Share files with Grandma using git

Matanya Moses
3 min readJan 5, 2021

This is a question a friend of mine asked me.

I was sure he was kidding. I said: “sure! Use google drive, or S3 or any large file storage provider and give her the link”.

Then he came with some requirements that made the initial ask somewhat more complicated.

The requirements

  • Should not cost money, not for my friend and not for his grandma
  • Should not be uploaded to the cloud
  • Grandma won’t need to install anything, preferably use a browser only

I was somewhat puzzled. If he doesn’t want it to cost money, this means his own server is off the table. So nextcloud is not an option.

Not uploading the files means services that host your files are off the table too. So no google drive, no S3, no mediafire, no we transfer, not even github. This meant she had to get the files directly off my friends computer. The only reliable way I knew to do that without installing anything are services like sharedrop, but they only work on the local network. It can be done with other protocols, like ftp, bittorrent and others, but that would violate the third requirement. At this point, I was about to tell him it is not doable. However, after giving a bit more thought, I came to a solution.

The Solution

I figured torrent is the best option, but wasn’t sure how to get that into the browser. Since requirement number 3 prevents the installation of additional software, and I am sure my friend would not enjoy teaching his grandma to use torrents, that would be long, tedious and will likely fail, it had to be in the browser.

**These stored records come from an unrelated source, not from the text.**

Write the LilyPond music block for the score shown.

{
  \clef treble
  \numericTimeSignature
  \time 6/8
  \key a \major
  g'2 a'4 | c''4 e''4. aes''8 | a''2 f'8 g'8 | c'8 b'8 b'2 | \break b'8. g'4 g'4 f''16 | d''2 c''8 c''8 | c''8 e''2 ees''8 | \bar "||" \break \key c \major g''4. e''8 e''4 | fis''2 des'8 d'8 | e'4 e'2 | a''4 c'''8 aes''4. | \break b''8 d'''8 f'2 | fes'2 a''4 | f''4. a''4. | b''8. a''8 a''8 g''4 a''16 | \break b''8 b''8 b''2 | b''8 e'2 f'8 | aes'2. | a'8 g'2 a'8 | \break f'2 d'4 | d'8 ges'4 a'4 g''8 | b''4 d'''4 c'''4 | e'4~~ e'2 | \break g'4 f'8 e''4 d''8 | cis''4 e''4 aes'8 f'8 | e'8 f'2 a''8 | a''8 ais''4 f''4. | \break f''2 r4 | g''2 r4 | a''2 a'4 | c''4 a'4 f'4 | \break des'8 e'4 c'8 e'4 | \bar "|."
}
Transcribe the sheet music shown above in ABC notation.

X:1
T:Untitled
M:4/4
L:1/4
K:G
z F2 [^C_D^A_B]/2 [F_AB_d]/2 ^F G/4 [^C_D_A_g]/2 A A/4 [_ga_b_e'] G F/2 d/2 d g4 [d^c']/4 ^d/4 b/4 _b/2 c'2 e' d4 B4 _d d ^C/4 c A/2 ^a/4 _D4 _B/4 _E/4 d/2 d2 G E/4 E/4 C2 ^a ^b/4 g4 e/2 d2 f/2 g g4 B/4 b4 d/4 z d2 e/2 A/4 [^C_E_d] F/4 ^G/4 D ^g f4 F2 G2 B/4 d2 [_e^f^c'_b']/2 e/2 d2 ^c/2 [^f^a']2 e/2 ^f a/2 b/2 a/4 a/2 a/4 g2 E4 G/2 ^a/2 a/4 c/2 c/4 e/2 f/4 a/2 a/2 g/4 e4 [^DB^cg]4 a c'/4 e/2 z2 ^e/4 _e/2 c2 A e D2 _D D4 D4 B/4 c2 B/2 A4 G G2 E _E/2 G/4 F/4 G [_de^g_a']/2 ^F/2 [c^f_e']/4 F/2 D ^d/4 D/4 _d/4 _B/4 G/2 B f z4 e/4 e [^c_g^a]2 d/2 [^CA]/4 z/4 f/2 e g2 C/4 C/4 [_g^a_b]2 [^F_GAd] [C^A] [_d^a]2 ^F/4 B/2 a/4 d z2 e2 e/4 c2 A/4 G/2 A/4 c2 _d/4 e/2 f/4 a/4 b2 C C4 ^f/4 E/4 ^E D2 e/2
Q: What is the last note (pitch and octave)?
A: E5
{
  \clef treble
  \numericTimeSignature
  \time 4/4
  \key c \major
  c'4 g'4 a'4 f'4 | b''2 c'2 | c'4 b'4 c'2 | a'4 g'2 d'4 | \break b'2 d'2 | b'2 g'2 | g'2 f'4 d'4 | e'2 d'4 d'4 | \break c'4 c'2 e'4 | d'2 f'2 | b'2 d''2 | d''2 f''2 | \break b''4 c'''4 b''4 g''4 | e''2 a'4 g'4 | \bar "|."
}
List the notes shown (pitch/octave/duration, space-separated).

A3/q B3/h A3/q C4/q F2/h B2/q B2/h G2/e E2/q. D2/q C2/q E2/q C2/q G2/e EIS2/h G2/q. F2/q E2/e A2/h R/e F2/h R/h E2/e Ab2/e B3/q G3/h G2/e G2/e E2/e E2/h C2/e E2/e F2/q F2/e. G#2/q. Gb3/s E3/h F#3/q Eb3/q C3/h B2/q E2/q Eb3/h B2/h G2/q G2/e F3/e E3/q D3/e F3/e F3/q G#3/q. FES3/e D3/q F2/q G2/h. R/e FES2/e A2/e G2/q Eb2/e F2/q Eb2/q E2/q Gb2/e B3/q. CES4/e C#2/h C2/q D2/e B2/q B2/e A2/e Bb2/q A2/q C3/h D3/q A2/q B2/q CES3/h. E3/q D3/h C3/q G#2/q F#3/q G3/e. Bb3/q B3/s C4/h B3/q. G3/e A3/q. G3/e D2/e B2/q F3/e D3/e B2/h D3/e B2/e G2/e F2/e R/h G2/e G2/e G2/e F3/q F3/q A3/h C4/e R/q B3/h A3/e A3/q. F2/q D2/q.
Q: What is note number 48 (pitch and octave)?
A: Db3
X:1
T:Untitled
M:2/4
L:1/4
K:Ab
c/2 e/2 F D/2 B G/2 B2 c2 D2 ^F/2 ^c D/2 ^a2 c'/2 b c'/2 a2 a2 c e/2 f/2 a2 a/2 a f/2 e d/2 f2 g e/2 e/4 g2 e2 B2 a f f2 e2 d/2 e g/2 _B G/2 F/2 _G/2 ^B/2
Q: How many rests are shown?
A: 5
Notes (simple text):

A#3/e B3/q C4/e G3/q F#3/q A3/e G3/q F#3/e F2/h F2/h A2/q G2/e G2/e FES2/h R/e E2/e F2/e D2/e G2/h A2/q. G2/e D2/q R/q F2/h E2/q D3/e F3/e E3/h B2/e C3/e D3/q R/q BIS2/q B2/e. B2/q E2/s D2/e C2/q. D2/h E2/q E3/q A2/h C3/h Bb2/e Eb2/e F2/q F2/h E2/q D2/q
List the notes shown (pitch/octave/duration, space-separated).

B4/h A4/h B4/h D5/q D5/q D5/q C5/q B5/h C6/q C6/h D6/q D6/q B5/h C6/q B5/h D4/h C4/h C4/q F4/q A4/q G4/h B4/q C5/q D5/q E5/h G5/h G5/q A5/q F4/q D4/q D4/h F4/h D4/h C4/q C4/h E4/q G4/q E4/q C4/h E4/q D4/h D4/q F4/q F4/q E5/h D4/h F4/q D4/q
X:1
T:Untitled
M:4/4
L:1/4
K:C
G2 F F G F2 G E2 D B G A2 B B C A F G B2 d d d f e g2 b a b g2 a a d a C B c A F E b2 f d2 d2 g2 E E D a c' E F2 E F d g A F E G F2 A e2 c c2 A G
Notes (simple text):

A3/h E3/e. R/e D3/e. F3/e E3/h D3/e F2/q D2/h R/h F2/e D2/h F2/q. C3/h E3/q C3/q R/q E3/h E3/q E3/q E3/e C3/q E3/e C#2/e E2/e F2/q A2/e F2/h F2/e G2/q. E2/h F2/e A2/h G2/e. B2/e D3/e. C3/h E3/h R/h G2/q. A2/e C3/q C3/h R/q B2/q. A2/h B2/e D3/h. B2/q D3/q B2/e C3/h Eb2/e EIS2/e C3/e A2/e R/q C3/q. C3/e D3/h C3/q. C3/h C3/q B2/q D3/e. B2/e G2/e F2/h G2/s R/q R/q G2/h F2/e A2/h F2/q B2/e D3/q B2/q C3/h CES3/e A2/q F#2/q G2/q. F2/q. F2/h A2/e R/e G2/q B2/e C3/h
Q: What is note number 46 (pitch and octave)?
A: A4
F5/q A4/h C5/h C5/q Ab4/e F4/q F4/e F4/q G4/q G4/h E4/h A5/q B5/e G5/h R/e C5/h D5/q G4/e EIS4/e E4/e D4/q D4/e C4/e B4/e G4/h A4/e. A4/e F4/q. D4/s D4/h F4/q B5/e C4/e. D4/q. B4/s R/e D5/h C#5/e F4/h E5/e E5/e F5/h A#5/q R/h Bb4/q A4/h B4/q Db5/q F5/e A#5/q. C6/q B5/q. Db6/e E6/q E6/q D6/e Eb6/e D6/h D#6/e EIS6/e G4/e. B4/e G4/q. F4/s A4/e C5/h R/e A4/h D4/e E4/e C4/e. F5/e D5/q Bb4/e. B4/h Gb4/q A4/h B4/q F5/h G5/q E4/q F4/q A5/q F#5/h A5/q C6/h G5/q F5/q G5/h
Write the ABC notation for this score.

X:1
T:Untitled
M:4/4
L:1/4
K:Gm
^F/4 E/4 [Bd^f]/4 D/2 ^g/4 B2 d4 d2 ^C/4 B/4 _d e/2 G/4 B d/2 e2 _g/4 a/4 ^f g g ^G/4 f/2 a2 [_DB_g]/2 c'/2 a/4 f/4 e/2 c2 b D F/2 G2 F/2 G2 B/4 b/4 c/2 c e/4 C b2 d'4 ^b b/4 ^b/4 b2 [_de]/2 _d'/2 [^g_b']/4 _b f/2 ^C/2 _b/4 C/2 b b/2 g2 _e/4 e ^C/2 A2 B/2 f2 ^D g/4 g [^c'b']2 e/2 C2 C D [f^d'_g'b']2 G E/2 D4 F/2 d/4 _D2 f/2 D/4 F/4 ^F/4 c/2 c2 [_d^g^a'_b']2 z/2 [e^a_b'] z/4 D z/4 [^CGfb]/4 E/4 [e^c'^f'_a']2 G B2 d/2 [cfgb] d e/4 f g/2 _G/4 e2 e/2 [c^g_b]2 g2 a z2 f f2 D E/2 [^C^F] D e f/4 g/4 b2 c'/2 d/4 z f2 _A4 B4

I remembered the webtorrent project. This would solve my issue of bringing torrents to the web, but didn’t solve the issue of not uploading the file somewhere. It basically meant my friend needed a way to create the torrent and then share the torrent file on a web page.

Creating a torrent and putting it in a git repo means I don’t upload the file to the cloud, only the torrent file. Pushing that into github opened the ability to use github pages. This meant all I need to do is add some code to have a javascript based player, and the torrent file in the repo. After another thought, I figured I don’t even need the torrent file, and can just put a magnet link in my html file. Here is a demo page I created to demonstrate it.

Screenshot of the demo site

I have a laptop running webtorrent at home, which basically seeds the files on the page above in the webtorrent protocol, which is just a regular torrent protocol with the transport part using webrtc instead of tcp or udp. A side benefit of this is the fact ISP’s don’t throttle this kind of traffic, as it looks like webrtc communication, and not torrent communication.


I told my friend to use webtorrent desktop so he won’t need to run node and npm for the CLI version I used. It is a simpler way to create the torrent from the file and magnetize it.

After my friend did that, he was very happy with the outcome, but came with another ask, can the files be private? I didn’t think about a good solution to this one yet, but I think if he would agree to self host and pay a few dollars a month I would recommend setting up a private peertube instance.